Problem details ::
Would you please repeat exactly the entries below, starting at the line with "Custom Sweden Football" and ending at the line with "UCHWYT KAMERY BCS-ATU-B BCS", and nothing outside that range? Leave out the pictures.

Supplied records ::
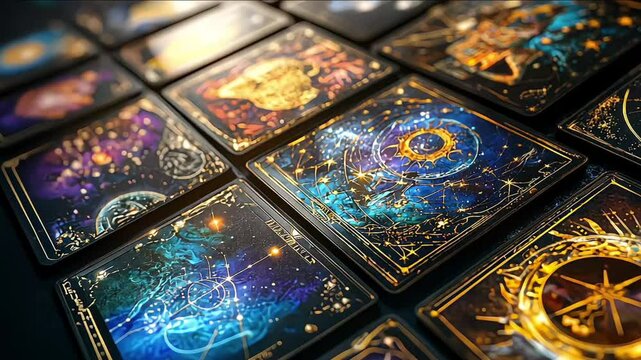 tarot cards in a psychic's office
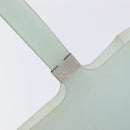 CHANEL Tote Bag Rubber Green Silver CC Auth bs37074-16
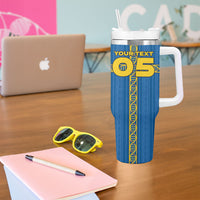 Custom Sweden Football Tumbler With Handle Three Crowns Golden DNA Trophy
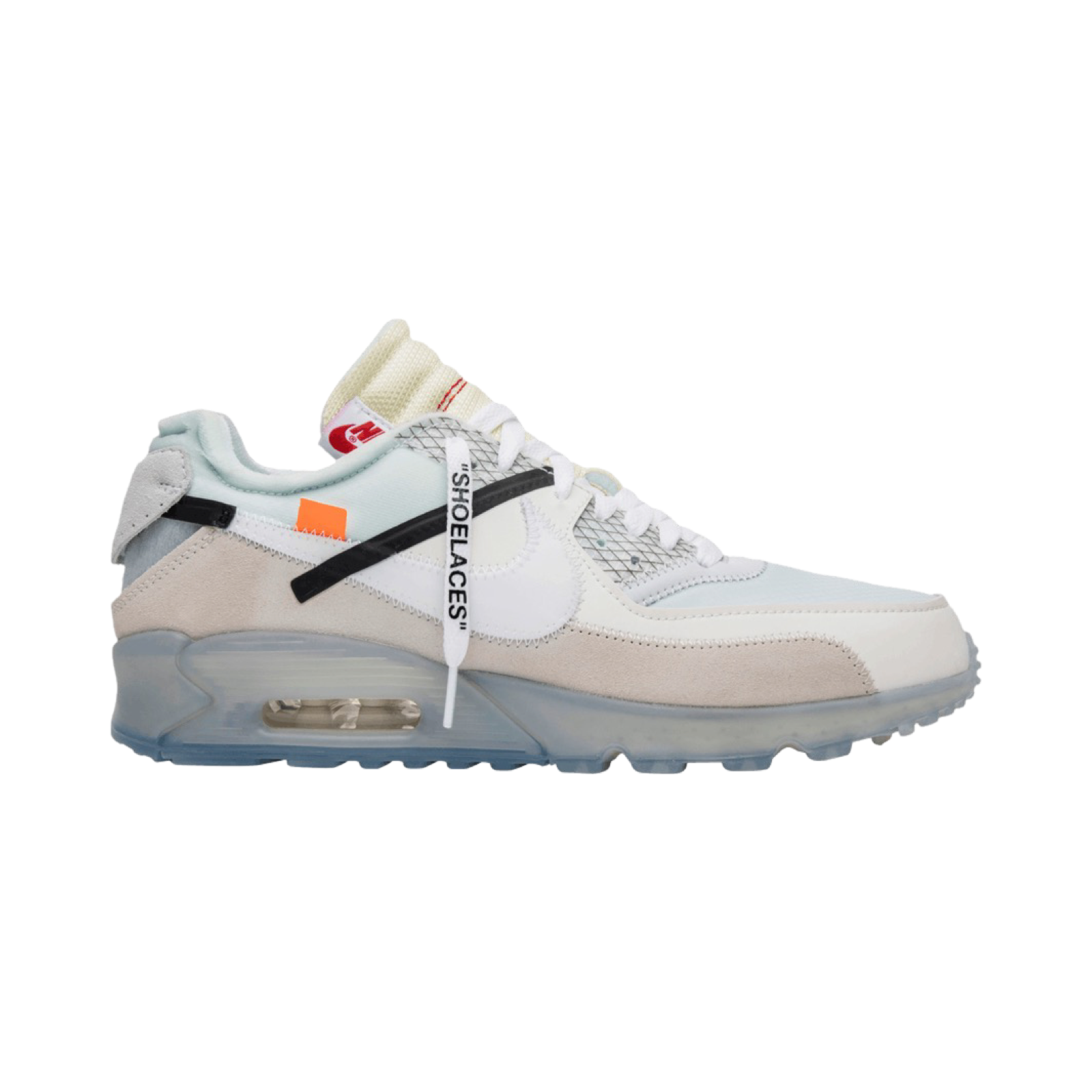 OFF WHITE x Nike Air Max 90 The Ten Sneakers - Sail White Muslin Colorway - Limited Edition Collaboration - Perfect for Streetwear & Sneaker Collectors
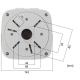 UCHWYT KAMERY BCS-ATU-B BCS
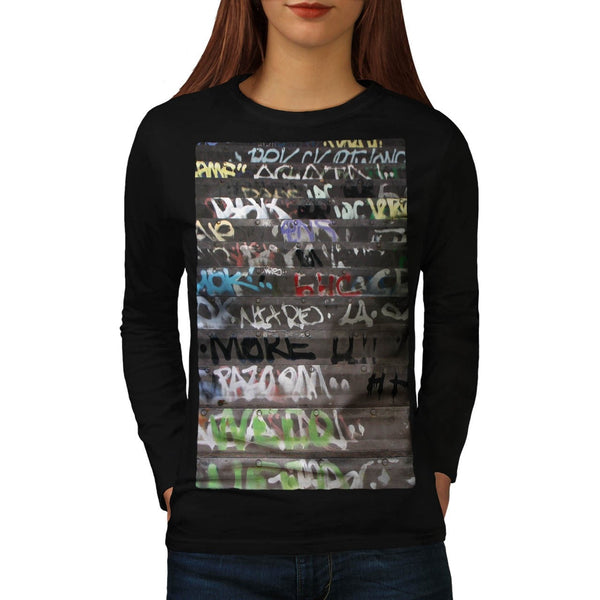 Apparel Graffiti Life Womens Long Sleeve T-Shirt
---
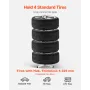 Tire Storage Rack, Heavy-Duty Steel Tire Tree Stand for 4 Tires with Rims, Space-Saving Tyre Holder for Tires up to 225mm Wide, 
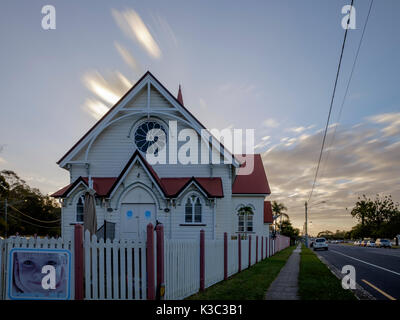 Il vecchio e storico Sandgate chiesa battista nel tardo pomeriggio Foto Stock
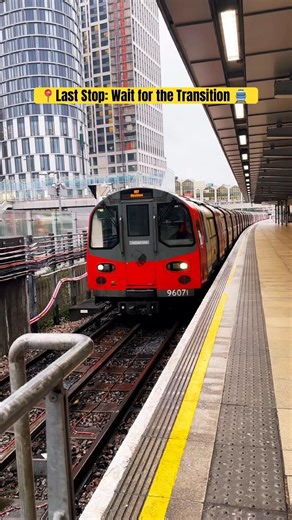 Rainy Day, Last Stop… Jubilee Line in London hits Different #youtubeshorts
...
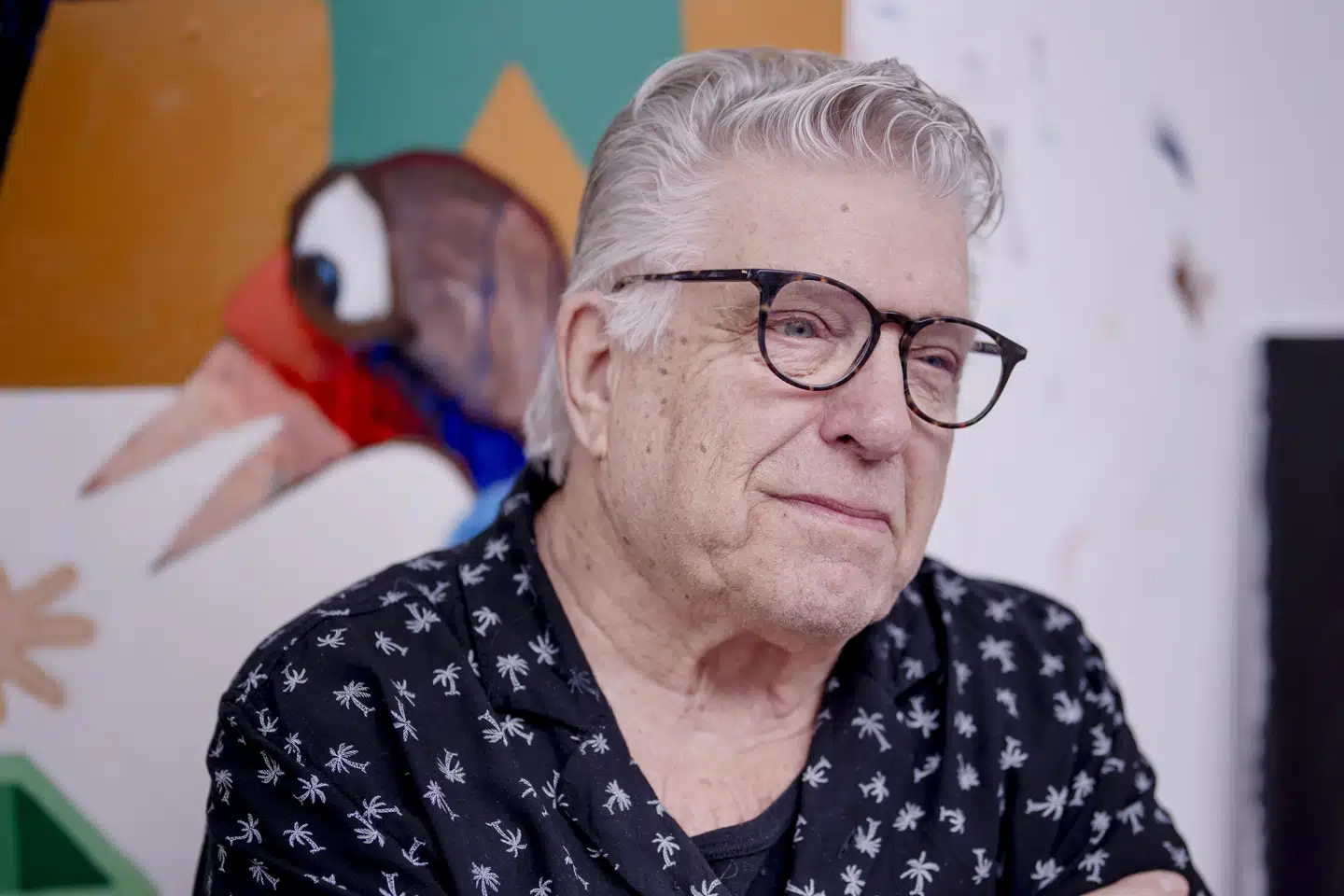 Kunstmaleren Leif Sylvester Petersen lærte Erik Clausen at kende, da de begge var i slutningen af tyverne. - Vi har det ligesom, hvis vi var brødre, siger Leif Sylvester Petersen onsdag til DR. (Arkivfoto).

Answer ::
 Custom Sweden Football Tumbler With Handle Three Crowns Golden DNA Trophy
 OFF WHITE x Nike Air Max 90 The Ten Sneakers - Sail White Muslin Colorway - Limited Edition Collaboration - Perfect for Streetwear & Sneaker Collectors
 UCHWYT KAMERY BCS-ATU-B BCS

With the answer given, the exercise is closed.